(WORK TASK) For the records below, report how many lines include the word "White". Only the number should appear.

Data records:
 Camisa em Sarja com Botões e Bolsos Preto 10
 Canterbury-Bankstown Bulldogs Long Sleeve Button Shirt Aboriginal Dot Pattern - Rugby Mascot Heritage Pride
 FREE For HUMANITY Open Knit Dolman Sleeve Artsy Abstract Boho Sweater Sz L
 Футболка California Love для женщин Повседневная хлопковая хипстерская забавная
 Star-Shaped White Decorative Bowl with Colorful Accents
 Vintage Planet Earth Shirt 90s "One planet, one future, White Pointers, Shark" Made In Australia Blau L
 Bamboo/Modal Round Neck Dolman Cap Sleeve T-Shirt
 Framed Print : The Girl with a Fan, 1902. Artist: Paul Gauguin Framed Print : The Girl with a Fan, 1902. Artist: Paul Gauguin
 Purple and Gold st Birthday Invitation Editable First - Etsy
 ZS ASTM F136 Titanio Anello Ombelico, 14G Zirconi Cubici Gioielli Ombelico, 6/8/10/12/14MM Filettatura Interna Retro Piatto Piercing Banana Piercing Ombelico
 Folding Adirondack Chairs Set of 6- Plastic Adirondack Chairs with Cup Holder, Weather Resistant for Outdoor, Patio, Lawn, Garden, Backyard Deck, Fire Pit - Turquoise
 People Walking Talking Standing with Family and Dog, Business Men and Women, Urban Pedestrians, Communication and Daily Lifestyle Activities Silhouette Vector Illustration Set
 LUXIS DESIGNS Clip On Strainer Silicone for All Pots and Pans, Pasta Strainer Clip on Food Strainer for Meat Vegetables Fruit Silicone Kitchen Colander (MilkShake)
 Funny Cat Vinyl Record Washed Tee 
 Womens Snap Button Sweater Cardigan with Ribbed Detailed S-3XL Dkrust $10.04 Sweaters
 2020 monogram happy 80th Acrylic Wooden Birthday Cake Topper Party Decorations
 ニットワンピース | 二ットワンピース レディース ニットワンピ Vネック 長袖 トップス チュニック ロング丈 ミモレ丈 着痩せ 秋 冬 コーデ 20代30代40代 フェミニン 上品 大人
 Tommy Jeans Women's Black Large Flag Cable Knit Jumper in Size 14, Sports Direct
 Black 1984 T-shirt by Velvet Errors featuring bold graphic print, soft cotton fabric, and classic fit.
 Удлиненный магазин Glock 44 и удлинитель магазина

(RESPONSE BOX) 2